Robert Gamble wrote:

Douglas A. Gwyn wrote:
Robert Gamble wrote:
... Is the following guaranteed:
double d1 = 0.1;
double d2 = d1;
d1 == d2; /* always true? */
I don't think it's guaranteed, even if the declarations were
volatile-qualified (to prevent register caching). However,
it's hard to imagine code in that case that would fail the test.

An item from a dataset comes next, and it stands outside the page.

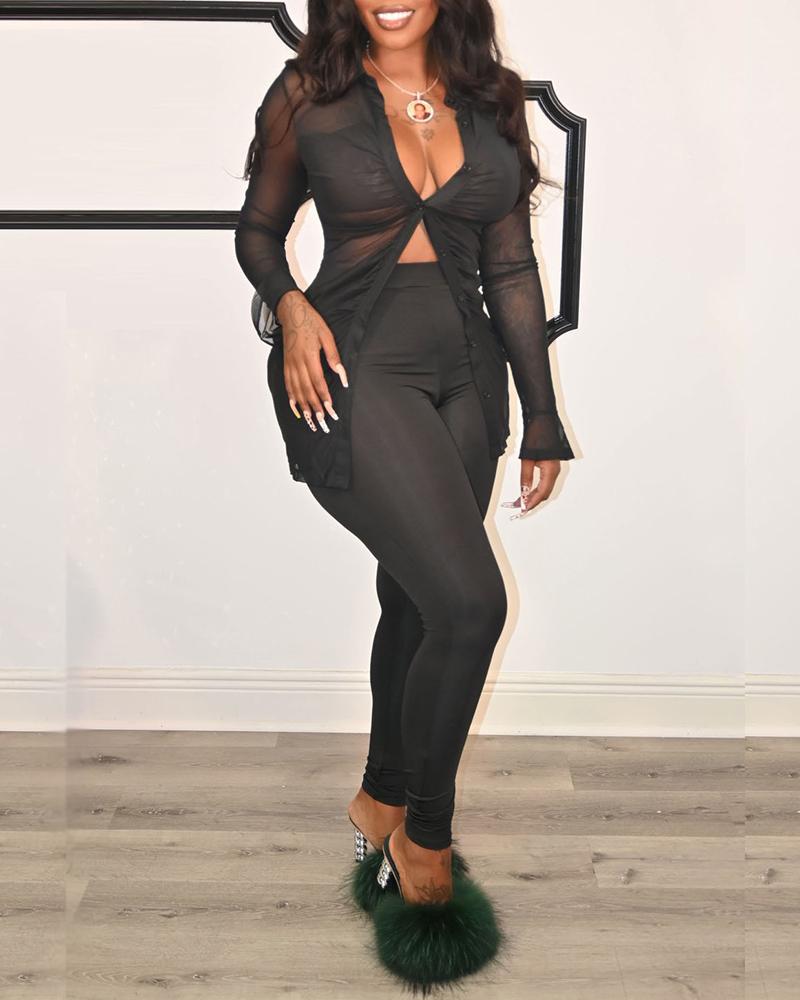 

Sheer Mesh Buttoned Ruched Shirt & Pants Sets, Black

First off I'd like to thank you and everyone else who has contributed
to this thread, your patience and insights have been valuable and are
appreciated.
I accept the fact that not-withstanding IEEE-compliance 0.1==0.1 is not
guaranteed and all of the related points that lead to such a
conclusion. What I don't understand though is how the above example
isn't guaranteed, even without the volatile qualifier. In my
understanding the value of 0.1 is stored, either exactly or rounded in
an implementation-defined way, as a double value in d1. How can
additional rounding occur when d2 is then assigned the value of d1? I
really can't think of an allowable scenerio where this could be the
case. I understand that:
d1 = 0.1; d2 = 0.1;
may not result in d1 and d2 having values that compare equal but this
is because there is the potential for rounding to occur twice with the
results being different each time. Similiar to my original example, I
would think that "d2 = d1 = 0.1;" would also result in values for d1
and d2 that must compare equal.

Right.

Not only that, but given the apparent
guarantees of 6.3.1.5, I would think that the following is also always
true:
float f1 = 0.1;
double d1 = f1;
f1 == d1;
The Standard seems pretty clear about this, or am I misinterpreting
something here?

Your analysis is correct. A careful reading of the relevant
sections shows that equality must hold.

Aug 24 '06 #55

Robert Gamble

Jun Woong wrote:

Dik T. Winter wrote:
In article <ln************@nuthaus.mib.orgKeith Thompson <ks***@mib.orgwrites:
"Dik T. Winter" <Di********@cwi.nlwrites:
In article <ln************@nuthaus.mib.orgKeith Thompson
<ks***@mib.orgwrites: ...
On the other hand, there are some values (such as 1.0) that you can
reasonably assume can be represented exactly.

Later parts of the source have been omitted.